Let’s try it, and see what happens.

Janet agreed to let them continue to try a low dose of the Zyprexa, and wait and see if it continued to help me.   Whether or not it was the Zyprexa or the near death experience that helped me, I stayed on Zyprexa for the rest of my life, and never had another aggressive or angry day.  I was sweet like I was before I got dementia.  More mentally sharp than I’d been in several months.  And I very much enjoyed that last month of my life at the memory care facility.

I was happy again – for the first time in a very long time.

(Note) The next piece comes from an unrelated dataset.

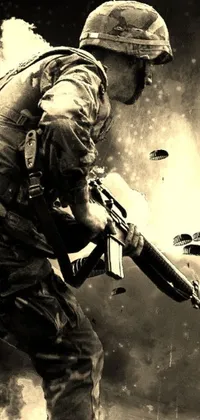 This stunning phone live wallpaper features a dramatic close-up photo of a soldier wielding a machine gun
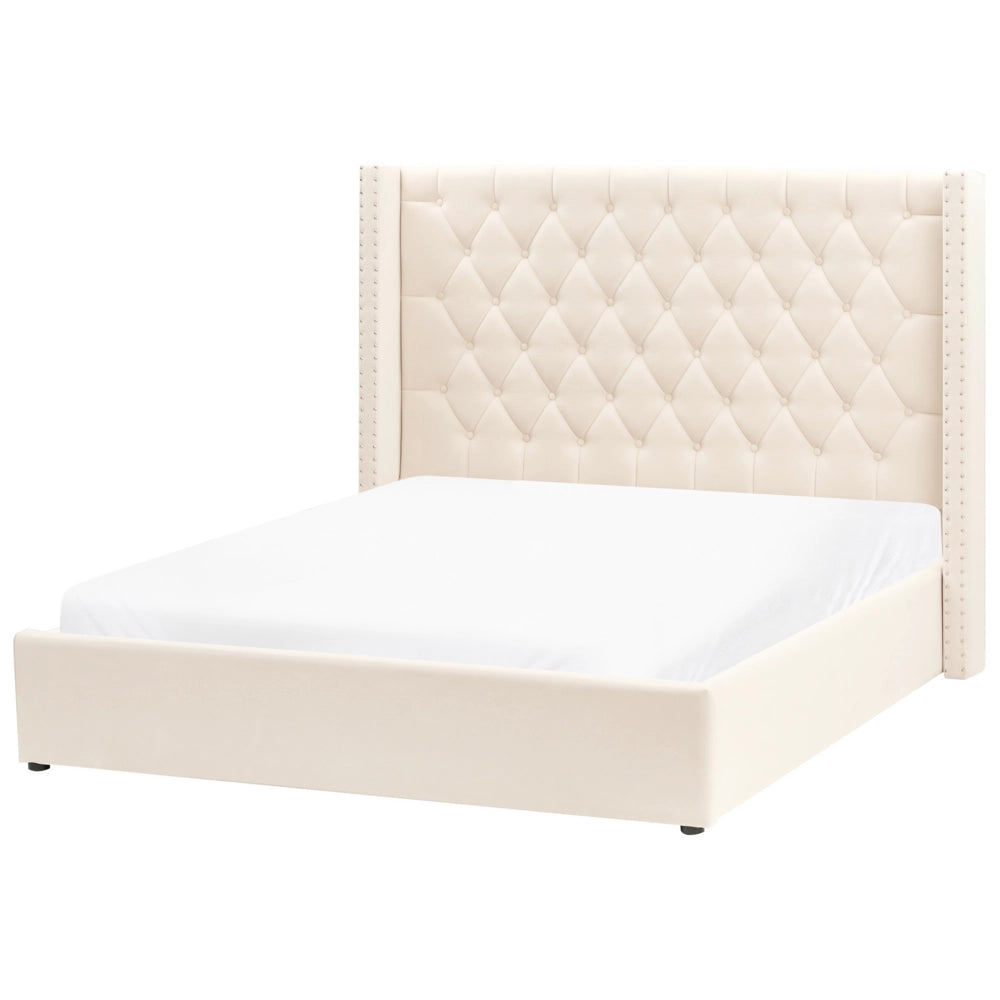 Letto contenitore velluto bianco sporco 160 x 200 cm glamour elegante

My mind was growing sharper each day.  I was happy for the first time in a very long time.  Maybe if I had not been given Macrobid by the memory care facility doctor, I may have lived longer, and shown even more improvement.  My personality was kinder and gentler, and I actually started making friends at the facility.  I started playing Bingo, and was managing two cards while everyone else could manage only one.  I started to enjoy my life, and was developing interests in activities.  My dementia was beginning to reverse itself, instead of the usual course of getting worse.  

The photos below illustrate what my dementia truly looked like in the absence of sedation.

Talking to Kitty Cat:


In stitches with laughter while enjoying a fun conversation with a care staff person:


My 90th birthday celebration:


I am a firm believer that most cases of dementia can be prevented, stopped, reversed, and maybe even cured – but at the very least, helped.

My own experience illustrates that.  Janet agrees, since she saw what seemed like a miracle in me.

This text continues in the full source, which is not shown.